Oh boy!! Set you alarms in the morning for this upcoming fuckery: https://twitter.com/CBSThisMorning/status/1103069861524189185 I don't even think Cosby did a sit down interview. But R. Kelly, who is a remedial nigga that can't read or write. is about do one. This looking like it could be a repeat of past interview fuccery: EDIT: Preview has just been released:
Cosby did, with his wife, l think. But questions unrelated to the accusations were off limits, if l recall.
IDK.. He's pretty convincing there in the 2nd segment. I got a twinge of doubt. Next week she interviews 2 of his voluntary female roommates. We shall see.
Nobody is in denial about Kellz messing with teen girls back in the day, we all know he did that shit. The 2nd clip that Bliss is talking about is Kellz saying that his sugar daddy harem is NOT sex-slave cult like the online black SJWs have been claiming for a year & and a half. Any logical person can tell Kellz is telling the truth because that story has always been obvious B.S.
This R Kelly crap is rather gross. We know what R Kelly has done in the past, and it is disgusting. But, I keep waiting for someone to do the #metoo shuffle on the women who raped R Kelly and his brother growing up. I swear, our society is incapable of holding women accountable for sex crimes. Like those women teachers raping 13 year old boys every other week. I say lock em all up.
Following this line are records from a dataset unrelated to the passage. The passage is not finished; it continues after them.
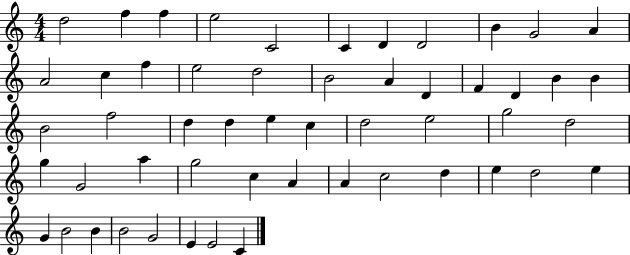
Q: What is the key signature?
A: C major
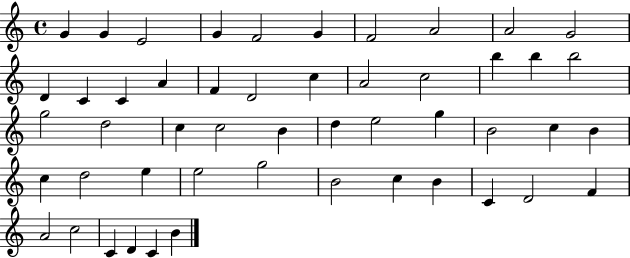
G4/q G4/q E4/h G4/q F4/h G4/q F4/h A4/h A4/h G4/h D4/q C4/q C4/q A4/q F4/q D4/h C5/q A4/h C5/h B5/q B5/q B5/h G5/h D5/h C5/q C5/h B4/q D5/q E5/h G5/q B4/h C5/q B4/q C5/q D5/h E5/q E5/h G5/h B4/h C5/q B4/q C4/q D4/h F4/q A4/h C5/h C4/q D4/q C4/q B4/q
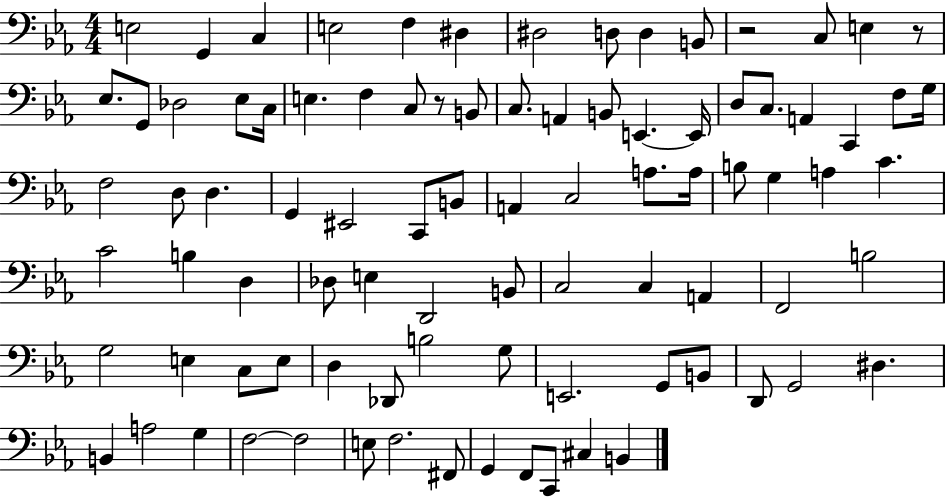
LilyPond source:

{
  \clef bass
  \numericTimeSignature
  \time 4/4
  \key ees \major
  e2 g,4 c4 | e2 f4 dis4 | dis2 d8 d4 b,8 | r2 c8 e4 r8 | \break ees8. g,8 des2 ees8 c16 | e4. f4 c8 r8 b,8 | c8. a,4 b,8 e,4.~~ e,16 | d8 c8. a,4 c,4 f8 g16 | \break f2 d8 d4. | g,4 eis,2 c,8 b,8 | a,4 c2 a8. a16 | b8 g4 a4 c'4. | \break c'2 b4 d4 | des8 e4 d,2 b,8 | c2 c4 a,4 | f,2 b2 | \break g2 e4 c8 e8 | d4 des,8 b2 g8 | e,2. g,8 b,8 | d,8 g,2 dis4. | \break b,4 a2 g4 | f2~~ f2 | e8 f2. fis,8 | g,4 f,8 c,8 cis4 b,4 | \break \bar "|."
}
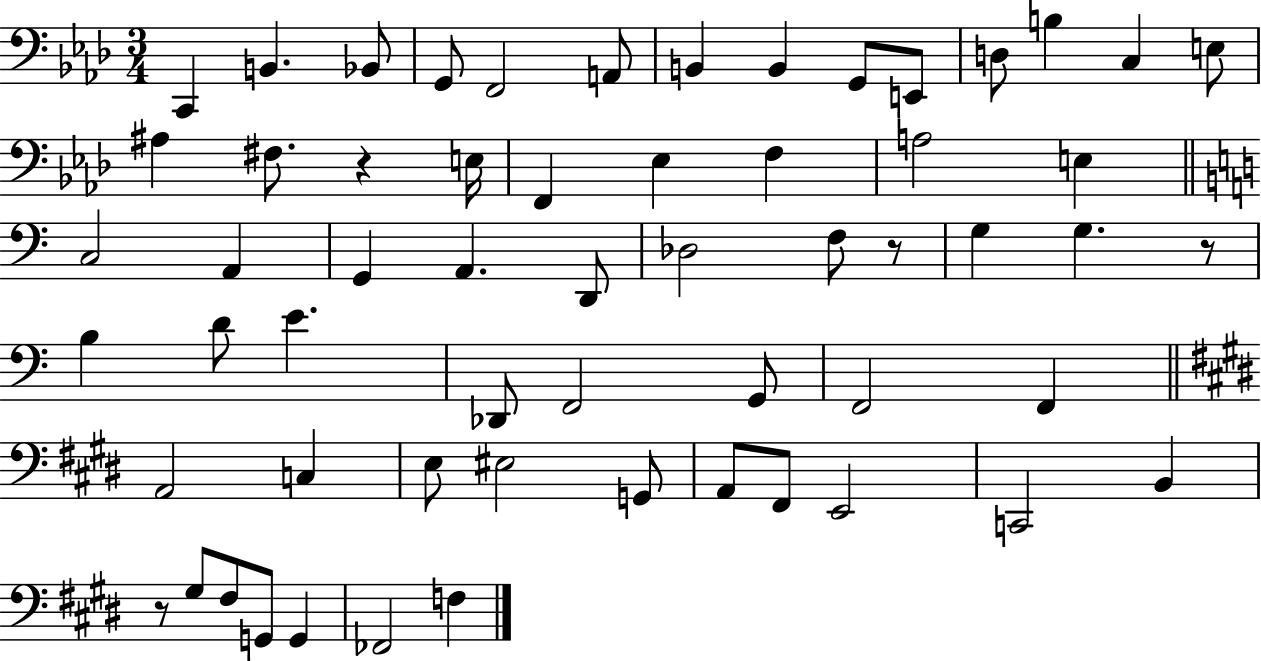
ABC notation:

X:1
T:Untitled
M:3/4
L:1/4
K:Ab
C,, B,, _B,,/2 G,,/2 F,,2 A,,/2 B,, B,, G,,/2 E,,/2 D,/2 B, C, E,/2 ^A, ^F,/2 z E,/4 F,, _E, F, A,2 E, C,2 A,, G,, A,, D,,/2 _D,2 F,/2 z/2 G, G, z/2 B, D/2 E _D,,/2 F,,2 G,,/2 F,,2 F,, A,,2 C, E,/2 ^E,2 G,,/2 A,,/2 ^F,,/2 E,,2 C,,2 B,, z/2 ^G,/2 ^F,/2 G,,/2 G,, _F,,2 F,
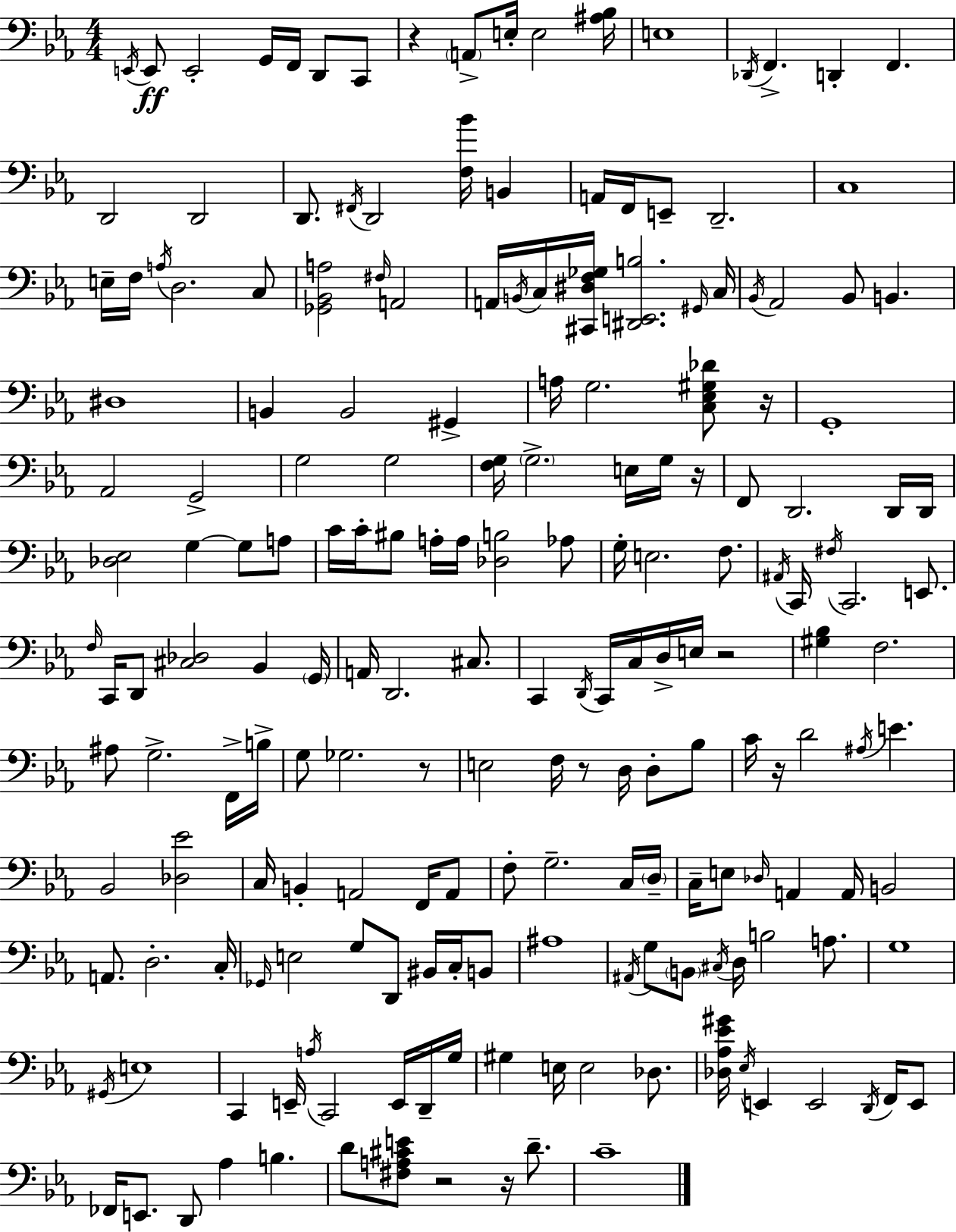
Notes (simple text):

E2/s E2/e E2/h G2/s F2/s D2/e C2/e R/q A2/e E3/s E3/h [A#3,Bb3]/s E3/w Db2/s F2/q. D2/q F2/q. D2/h D2/h D2/e. F#2/s D2/h [F3,Bb4]/s B2/q A2/s F2/s E2/e D2/h. C3/w E3/s F3/s A3/s D3/h. C3/e [Gb2,Bb2,A3]/h F#3/s A2/h A2/s B2/s C3/s [C#2,D#3,F3,Gb3]/s [D#2,E2,B3]/h. G#2/s C3/s Bb2/s Ab2/h Bb2/e B2/q. D#3/w B2/q B2/h G#2/q A3/s G3/h. [C3,Eb3,G#3,Db4]/e R/s G2/w Ab2/h G2/h G3/h G3/h [F3,G3]/s G3/h. E3/s G3/s R/s F2/e D2/h. D2/s D2/s [Db3,Eb3]/h G3/q G3/e A3/e C4/s C4/s BIS3/e A3/s A3/s [Db3,B3]/h Ab3/e G3/s E3/h. F3/e. A#2/s C2/s F#3/s C2/h. E2/e. F3/s C2/s D2/e [C#3,Db3]/h Bb2/q G2/s A2/s D2/h. C#3/e. C2/q D2/s C2/s C3/s D3/s E3/s R/h [G#3,Bb3]/q F3/h. A#3/e G3/h. F2/s B3/s G3/e Gb3/h. R/e E3/h F3/s R/e D3/s D3/e Bb3/e C4/s R/s D4/h A#3/s E4/q. Bb2/h [Db3,Eb4]/h C3/s B2/q A2/h F2/s A2/e F3/e G3/h. C3/s D3/s C3/s E3/e Db3/s A2/q A2/s B2/h A2/e. D3/h. C3/s Gb2/s E3/h G3/e D2/e BIS2/s C3/s B2/e A#3/w A#2/s G3/e B2/e C#3/s D3/s B3/h A3/e. G3/w G#2/s E3/w C2/q E2/s A3/s C2/h E2/s D2/s G3/s G#3/q E3/s E3/h Db3/e. [Db3,Ab3,Eb4,G#4]/s Eb3/s E2/q E2/h D2/s F2/s E2/e FES2/s E2/e. D2/e Ab3/q B3/q. D4/e [F#3,A3,C#4,E4]/e R/h R/s D4/e. C4/w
And these teacher-student cases have been going on for YEARS and yet no outrage, no emergency or anyone looking to do anything about that.
Honestly I could care less if that situation is bs as long as he goes to jail. He only got caught because of the tape people like that don't stop at just three people he has a clear history of pedophilia fuck him and fuck his supposed innocence. Get this garbage off the streets
Because their logic is always default men bad women good. It's simple source code and nothing can ever deviate from that absolutely nothing
Learned that when I was a child from that old ass nursery rhyme from the early 19th century. "Little boys are made of snips and snails and puppy dog tails. Little girls are made of sugar and spice and everything nice."
It was written in like 1820 and no one is sure about the author. Something like that begs the question as to why it's still around, not who wrote it. Either way I'm sure simps existed back then
R. Kelly is back in jail today due to failure to pay back child support: Despite Kellz being a musical genius, he lives up to a lot of negative stereotypes. @The Dark King I don't know about you, but I can't be only 1 SMH that everytime a BM celeb/athlete is in trouble it has to turn into a ratings-gold Reality TV entertainment spectacle.